I'd be surprised if your PSU was the problem because if a card draws more than a PSU can provide, it results in a power-off system reset.
I say this from experience. When I bought my first RX 5700 XT, it was an XFX Triple-Dissipation model. I was getting power-off resets during gaming and had no idea why because I knew that driver crashes don't cause the PC to reset. When I put my old Sapphire R9 Fury Nitro+ back in, all instability disappeared (I was still using the same driver installation). I sent the card back to XFX and they replaced it with a THICC-III model. I immediately noticed when I was installing it that the auxilliary PCIe power connectors were different. Where the Triple-Dissipation card had an 8+6-pin connector design, the THICC-III had 8+8. It dawned on me that my first 5700 XT was probably trying to pull more power than the 8+6-pin configuration could provide but not more than 8+8 could. My PSU was the same EVGA 1000 G2 Supernova 1kW PSU that I currently use today with my RX 7900 XTX so I knew that there was plenty of power on tap.

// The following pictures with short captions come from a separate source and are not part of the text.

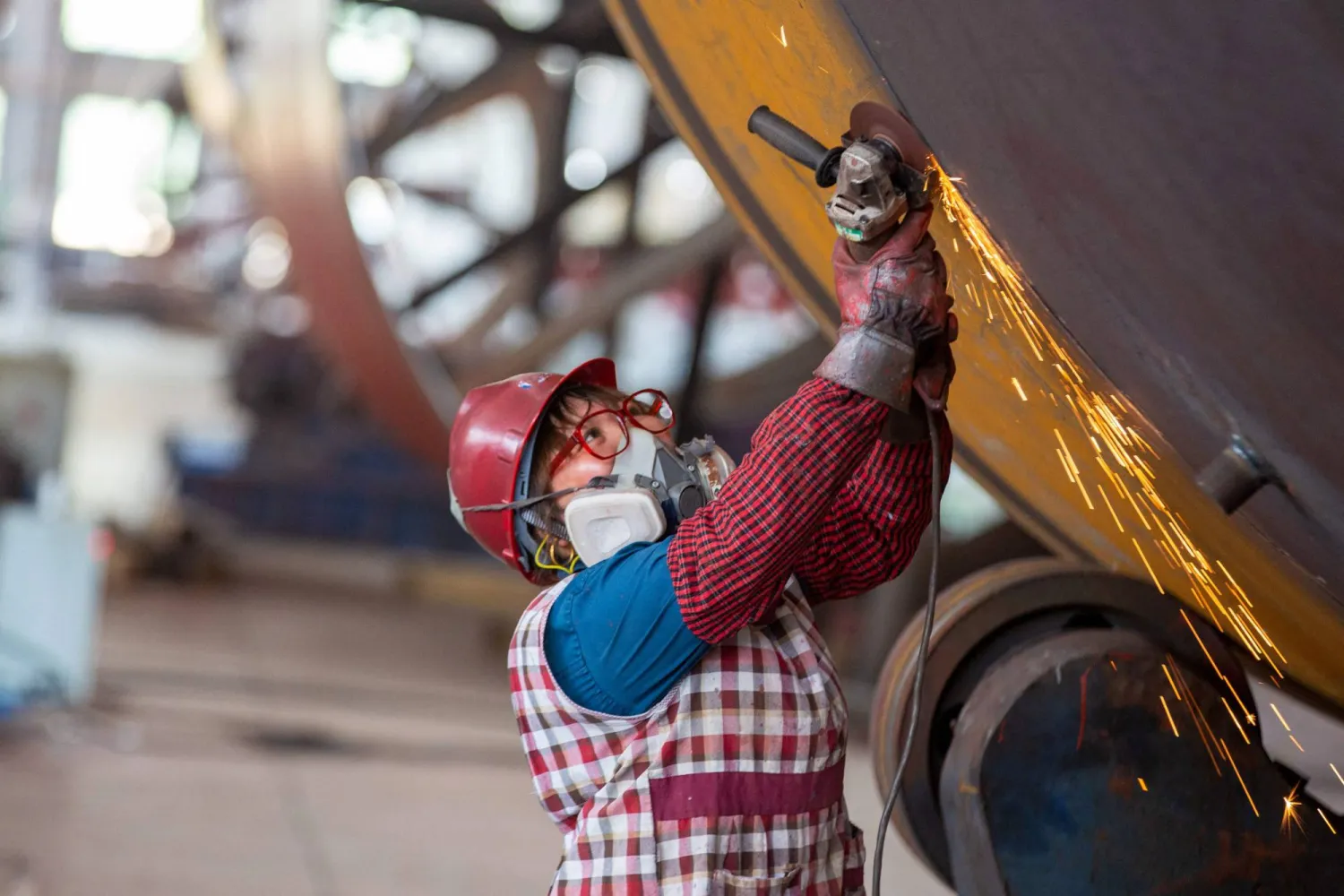 عامل يلحم أجزاء من مواد البناء في مصنع في نانتونغ بمقاطعة جيانغسو شرق الصين (أ.ف.ب)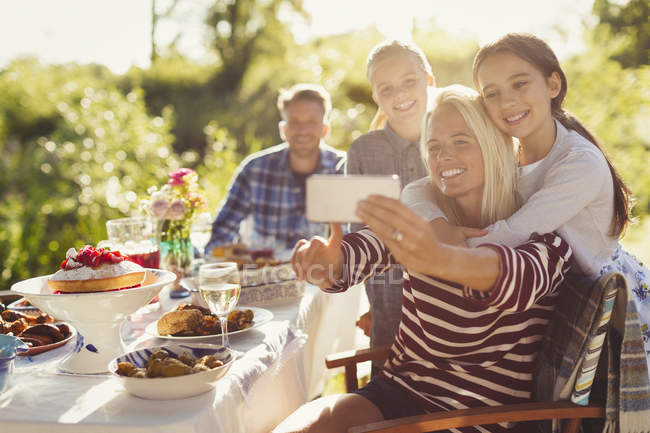 Mãe e filhas tomando selfie com telefone da câmera na mesa do pátio da festa do jardim — Fotografia de Stock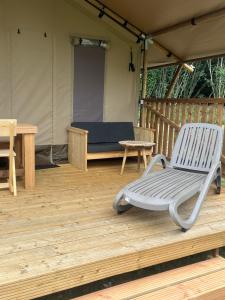 a chair on a wooden deck with a tent at Glampingtent Serengeti in Zwartemeer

I honestly think that your card is probably worn-out. I remember that RDNA1 was very effective at mining Ethereum. Mining doesn't really wear GPUs out as long as they were properly taken care of. Unfortunately, a lot of the time, this was not the case. So, you might have purchased an ex-mining card that wasn't taken properly taken care of. I hope that it's not the case but your results tell me that the card is probably dying.